From the beginning, Local First Wheaton was not going to be a knockoff of the Chamber of Commerce. (The Wheaton-Kensington Chamber of Commerce in fact participated in creating the new alliance.) The new group would bring together businesses, non-profits and residents in order to promote locally-owned small businesses. The Latino Economic Development Corporation (LEDC) took the lead in coordinating Local First Wheaton but the businesses themselves made the decisions. The group’s first tasks were to recruit members (including associations and individuals), design a website and logo, engage in joint marketing through a business guide and help its members join together to sell grease for biodiesel fuel and buy wind energy.

As the economy worsened, Local First Wheaton’s joint marketing efforts became even more important. MANY businesses have left the Wheaton CBD in the last couple years, including Sabang, Bonifant Books, the Wheaton Bike Shop, Kefi Taverna, China Chef, Casa Furniture, La Despensa Mercado Latino and Barnaby’s. Several more are teetering on the edge. Now the group’s efforts to improve links between customers and the CBD became a matter of survival. As Local First Wheaton coordinator Emily Adelman has stated on this blog, 68% of money spent on a locally-owned independent establishment stays in the community. Every cent of that money can now make a difference between a local business’s success or failure. Business creation in Wheaton takes on even more meaning because many firms are owned by female or minority entrepreneurs.

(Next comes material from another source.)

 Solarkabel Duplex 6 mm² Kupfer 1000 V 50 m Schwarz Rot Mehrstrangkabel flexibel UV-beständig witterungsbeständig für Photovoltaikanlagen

Finally, there may even be environmental benefits since residents who shop in their own backyard are less likely to take Beltway trips to Virginia.

The county has supported Local First Wheaton with a one-year $68,000 grant – enough to pay Emily Adelman’s salary. (Since Emily is a very capable Cornell graduate who could easily command twice that pay in the private sector, this is a great deal for the county.) But County Executive Ike Leggett has chosen to exclude the grant from his budget.

We understand that a tight budget demands cuts. Even more, it demands weeding out great programs from good ones, mediocre ones and poor ones. There are not very many $68,000 expenditures that simultaneously promote job creation, female and minority business ownership, community building, cultural diversity and CBD revitalization near a Metro station. Local First Wheaton does all of the above.

And that’s why it deserves to be saved.